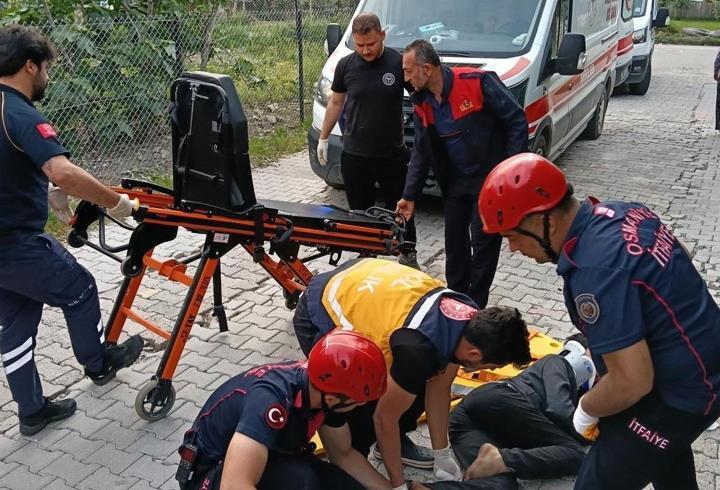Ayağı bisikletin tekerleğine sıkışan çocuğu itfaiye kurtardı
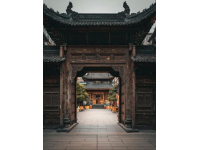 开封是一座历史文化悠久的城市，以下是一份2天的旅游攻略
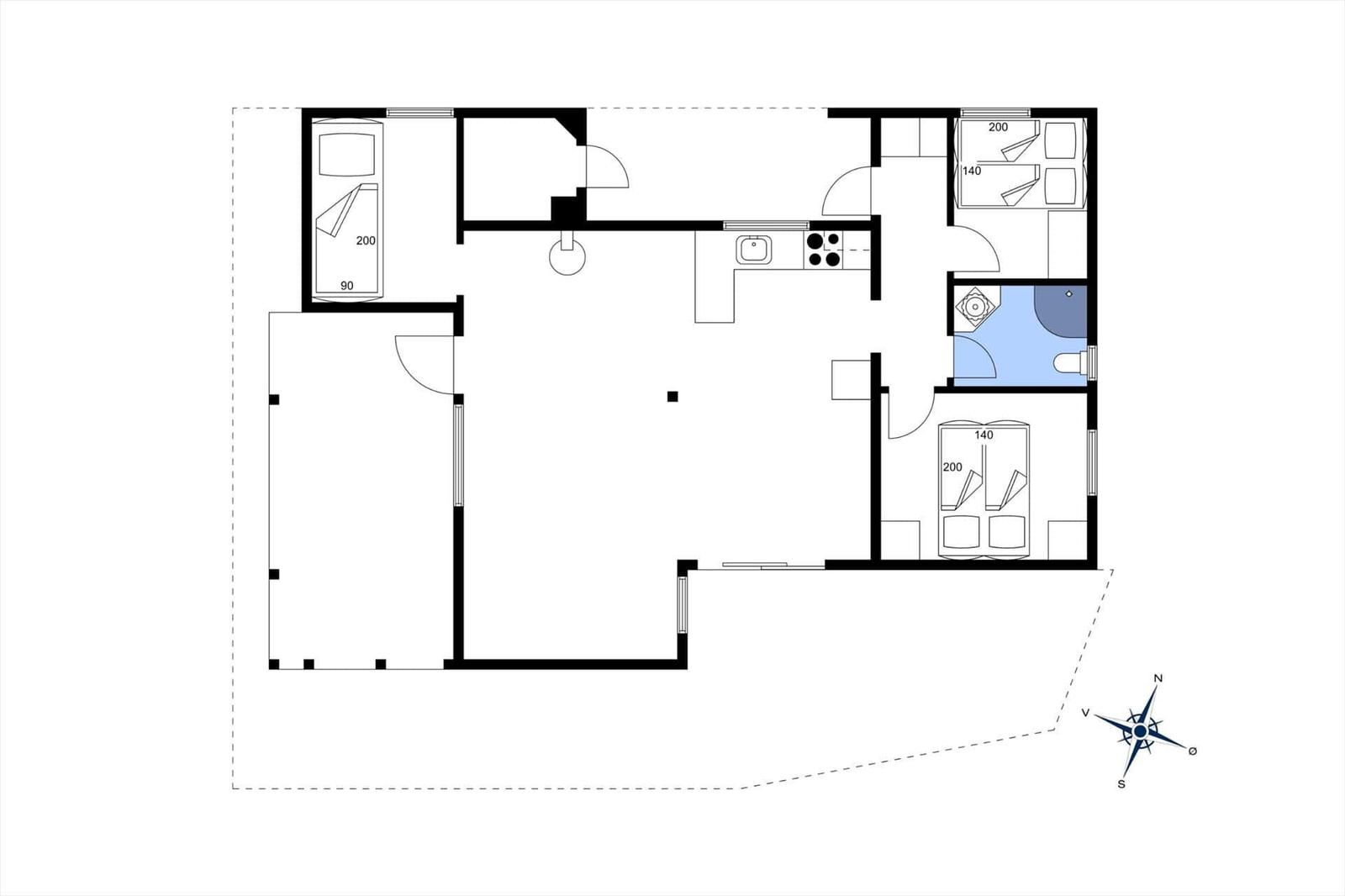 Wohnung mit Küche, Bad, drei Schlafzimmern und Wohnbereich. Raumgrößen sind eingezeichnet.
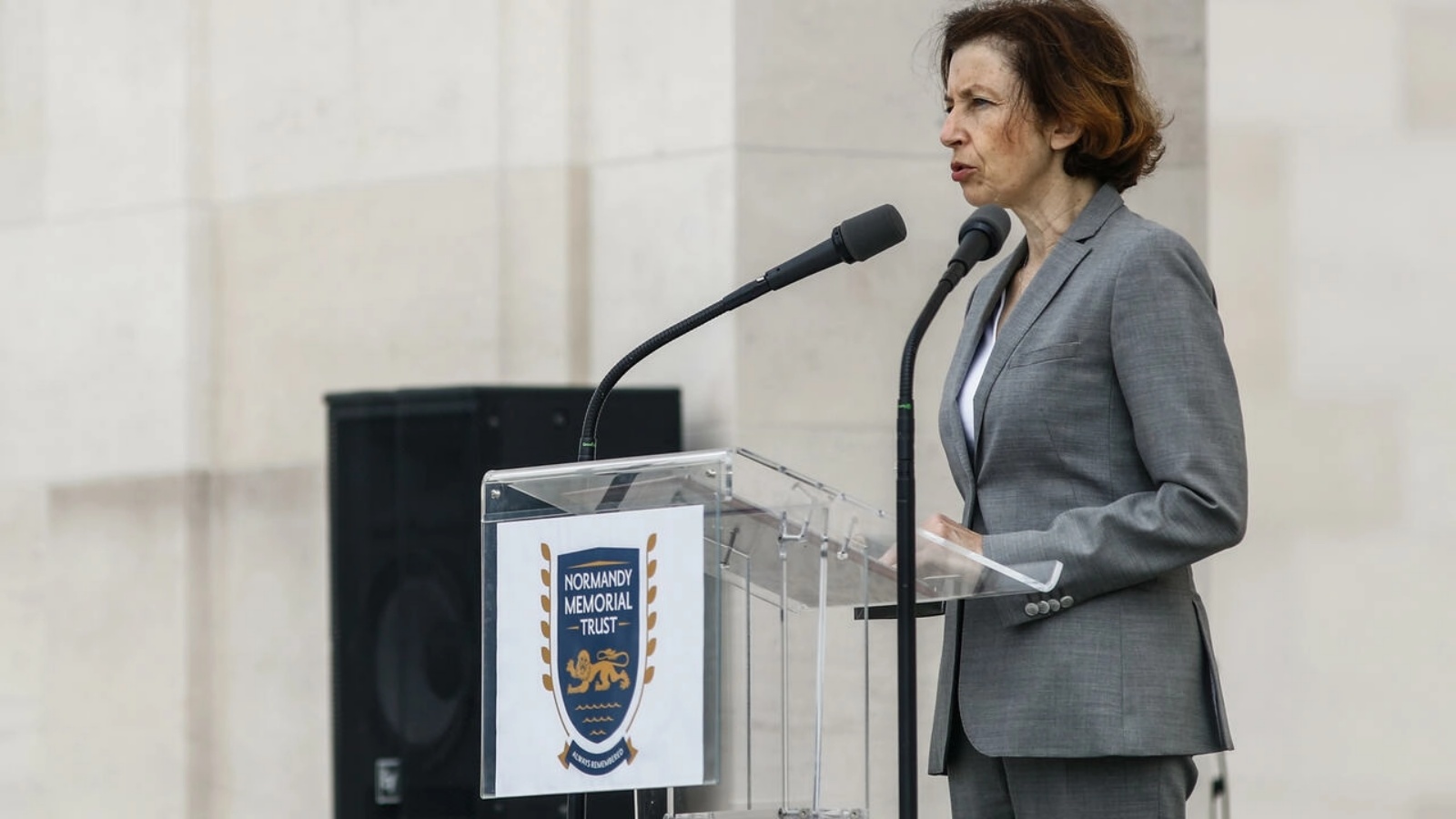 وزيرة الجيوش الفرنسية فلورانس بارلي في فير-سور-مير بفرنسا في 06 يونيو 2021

· · · · ·

Where the line containing "Wohnung mit Küche, Bad, drei" appears, begin writing out the lines exactly, and continue through the end of the material above, omitting pictures.

### Problem solution:
 Wohnung mit Küche, Bad, drei Schlafzimmern und Wohnbereich. Raumgrößen sind eingezeichnet.
 وزيرة الجيوش الفرنسية فلورانس بارلي في فير-سور-مير بفرنسا في 06 يونيو 2021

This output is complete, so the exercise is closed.